As the primary purpose of commissioning the study was to ensure that My Travel could continue to trade and make taxable supplies, it was entitled to recover the VAT in full. HM Revenue & Customs had argued that the supply was made to the bank, with the benefit to My Travel being ancillary. HM Revenue & Customs has appealed against this decision.
Fees incurred by Acquisition vehicle.
The second case concerned the acquisition by Spanish infrastructure group, Ferrovial, of the UK airport operator BAA Plc. As is the case with most large acquisitions Ferrovial set up a new vehicle, NEWCO, to make the acquisition, and NEWCO incurred numerous fees from advisors on which it incurred VAT. Once the acquisition was completed, NEWCO joined the BAA VAT group, though there was a two month gap between the completion of the acquisition and NEWCO becoming a member of the VAT Group.
HM Revenue & Customs argued that the VAT incurred on advisers fees (by NEWCO), was a direct cost of the finance it raised and did not relate to any taxable supplies made by the BAA VAT group.
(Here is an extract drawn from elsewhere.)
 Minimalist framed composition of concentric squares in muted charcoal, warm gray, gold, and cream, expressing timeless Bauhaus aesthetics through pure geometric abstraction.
The Tribunal, however, accepted the argument that NEWCO, as the holding company for BAA, always intended to provide management, strategic advice, corporate governance and financing services to BAA. It was, therefore, carrying on an economic activity from its inception, despite the fact it did not make any charges to its subsidiaries before becoming a member of the VAT group. The Tribunal also concluded that as NEWCO was a member of the BAA VAT group they were a single entity for VAT purposes and the taxable supplies of BAA could be imputed to NEWCO.
Way Forward
The two decisions of the Tribunal provide guidance on a number of technical issues which taxpayers need to be aware of when considering the recovery of VAT on deal costs. Consideration should now be given to the recovery of VAT incurred in the past and the structure of deals in the future, whilst continuing to monitor the further litigation there will be in respect of these cases.